Siebe plc
- Company type: Public company
- Industry: Engineering
- Founded: 1 April 1920
- Defunct: 1999
- Fate: Merged with BTR plc
- Successor: Invensys
- Headquarters: London, UK
- Key people: Sir Barrie Stephens, (chairman)

= Siebe plc =

British engineering corporation

Siebe plc became the name of the new conglomerate formed when Siebe Gorman began taking over other firms in the early 1970s, to distinguish it from Siebe Gorman's original breathing apparatus and diving gear core business. Siebe plc was once one of the United Kingdom's largest engineering businesses and was a constituent of the FTSE 100 Index. In 1999 it merged with BTR plc to form Invensys.

==History==
- About 1972: Siebe plc became the name of the new conglomerate formed when Siebe Gorman began taking over other firms, to distinguish it from Siebe Gorman's original breathing apparatus and diving gear core business.
- 1972: Siebe plc acquired James North & Sons, a large safety products business, and continued to brand it as North Safety Products.
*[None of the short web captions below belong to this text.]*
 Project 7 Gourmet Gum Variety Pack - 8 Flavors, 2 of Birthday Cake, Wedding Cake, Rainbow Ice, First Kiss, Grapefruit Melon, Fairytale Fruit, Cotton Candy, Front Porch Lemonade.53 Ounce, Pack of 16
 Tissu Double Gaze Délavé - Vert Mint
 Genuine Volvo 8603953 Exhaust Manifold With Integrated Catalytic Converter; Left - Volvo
- 1985: Siebe plc acquires CompAir, a business making compressed air equipment for the mining and construction industries, divers and firefighters.
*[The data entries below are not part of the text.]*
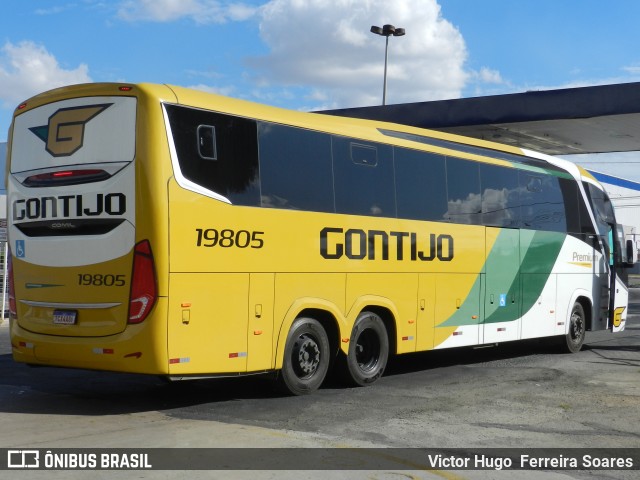 Empresa Gontijo de Transportes 19805 na cidade de Goiânia, Goiás, Brasil, por Victor Hugo  Ferreira Soares. Número da foto: #13162257.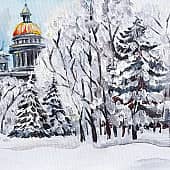 Волшебный зимний парк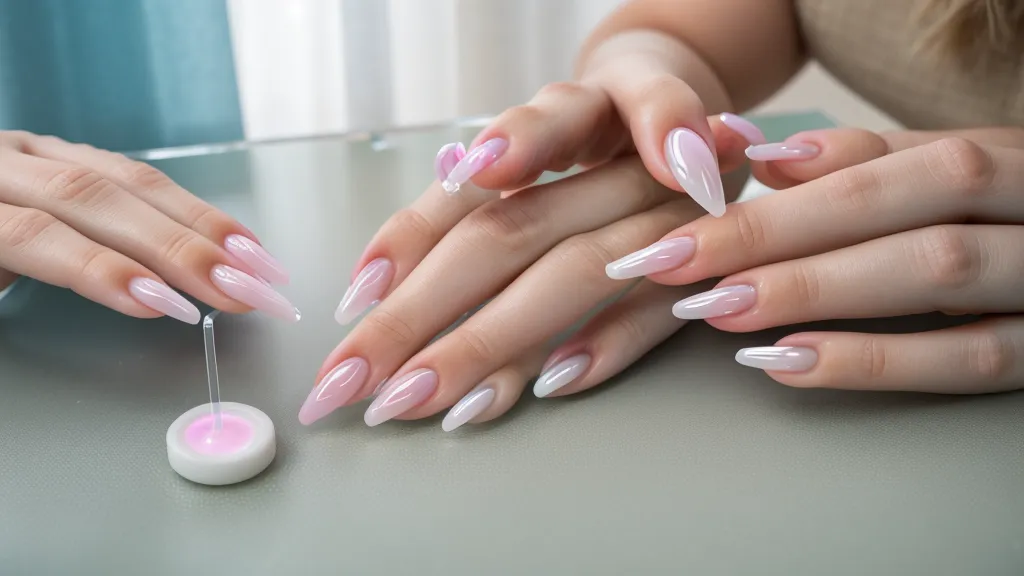 Libreta de cuentas de una manicurista profesional calculando si conviene rentar un local de uñas acrílico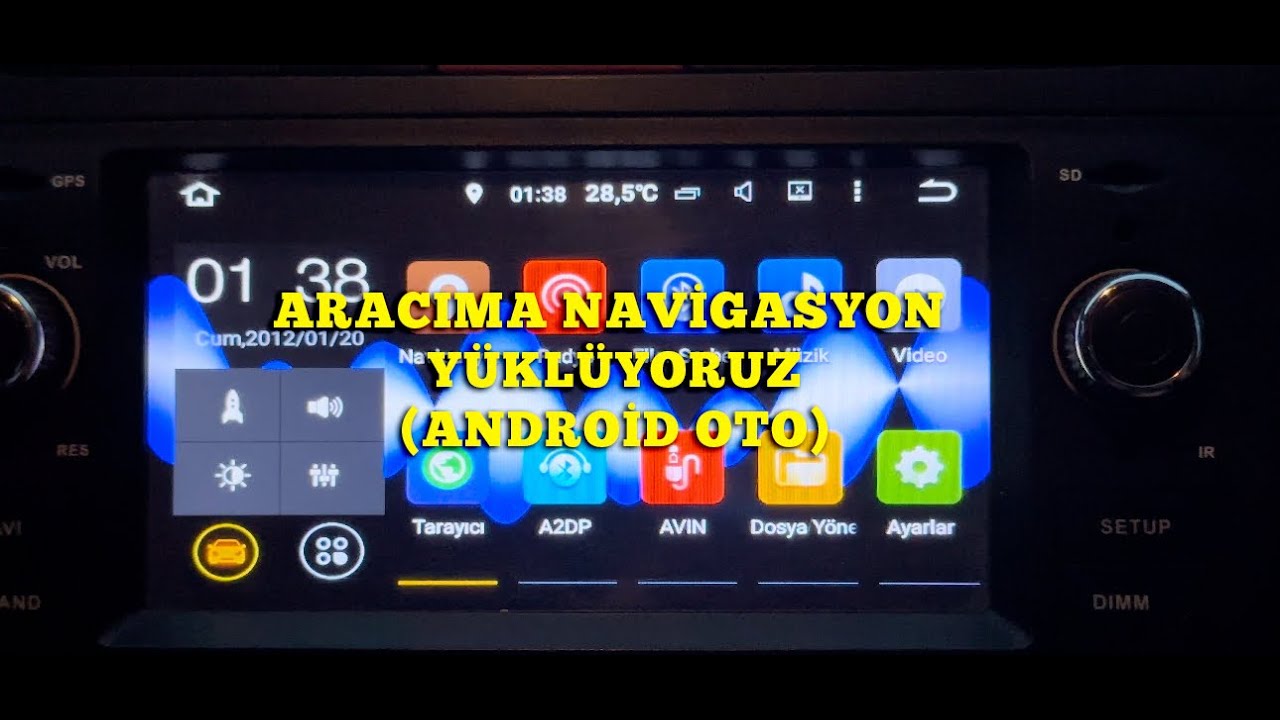 Aracıma Navigasyon Yüklüyoruz. (Android Oto)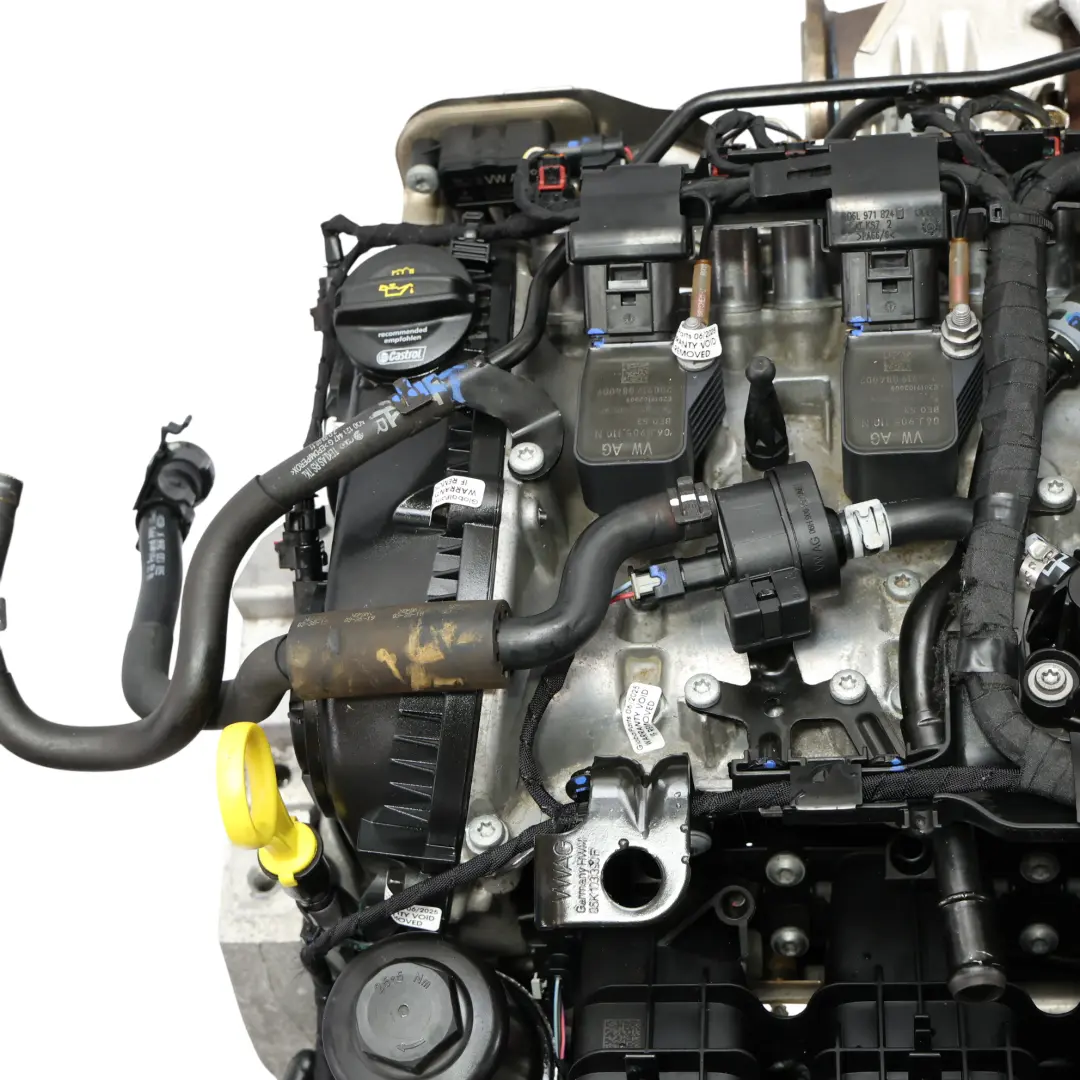 Complete Engine DNUE 300HP 79k, WARRANTY to Audi S3 8V VW Golf Mk7 R 2.0 TFSI with Part number 06K100039B Audi S3 8V VW Golf Mk7 R 2.0 TFSI Complete Engine DNUE 300HP 79k, WARRANTY - SKU 06K100039B-1 - Part number 06K100039B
- 1987: Siebe plc acquires the Barber-Colman Company, an industrial automation and controls business.
- 1990: Siebe plc acquires the Foxboro Company, another industrial automation business.
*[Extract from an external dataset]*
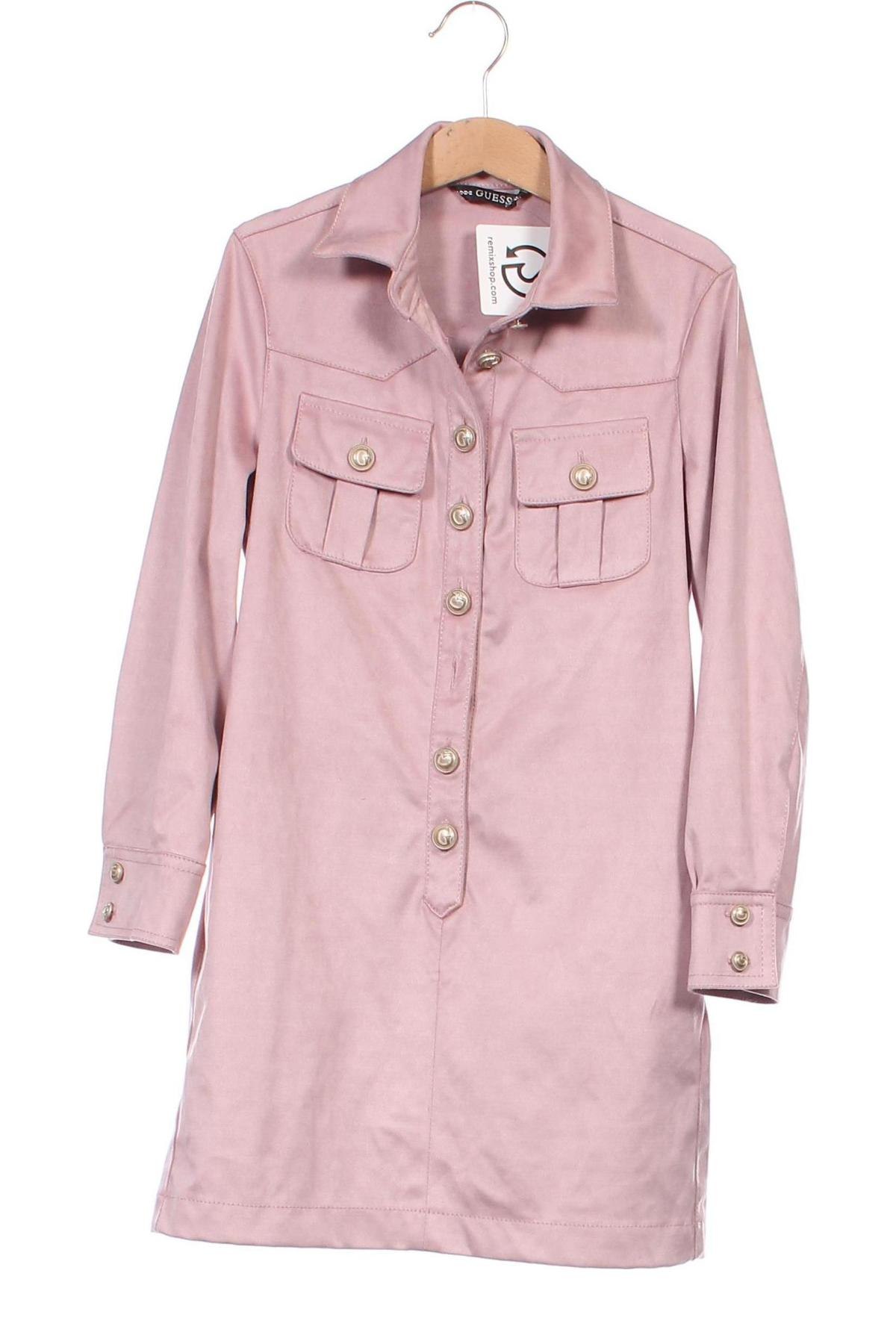 Kinderjacke Guess, Größe 6-7y/ 122-128 cm, Farbe Rosa, Preis € 21,99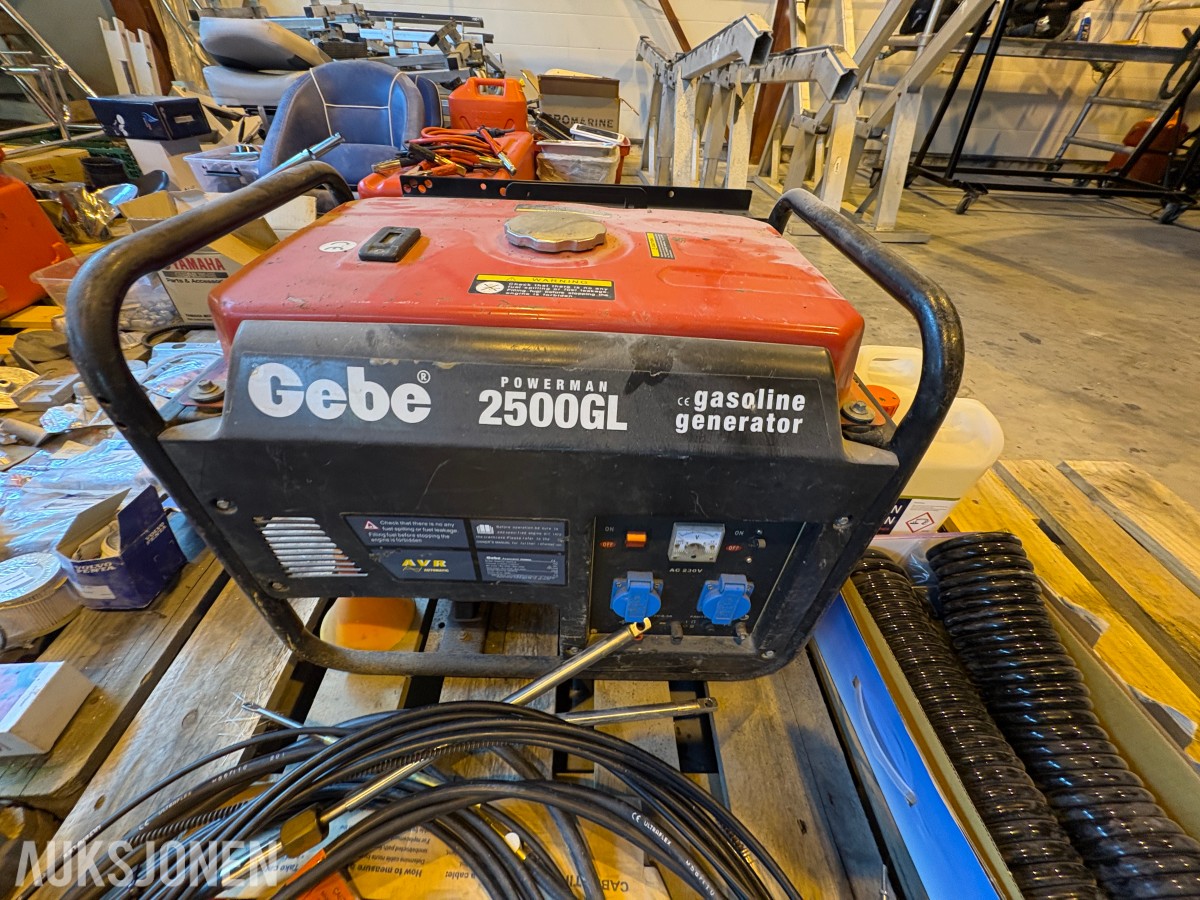 Gebe Powerman 2500GL bensinaggregat – 230 V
- 1994: Siebe plc bought Triconex, a safety control business.
- 1997: Siebe plc acquired APV plc.
- 1998: Siebe plc acquired Eurotherm, Wonderware and Simulation Sciences.
- 1998: Siebe plc sold North Safety Products (and Siebe Gorman with it) to Norcross.
- 1999: Siebe plc acquired Esscor.
- 1999: Siebe plc merged with BTR plc to form Invensys.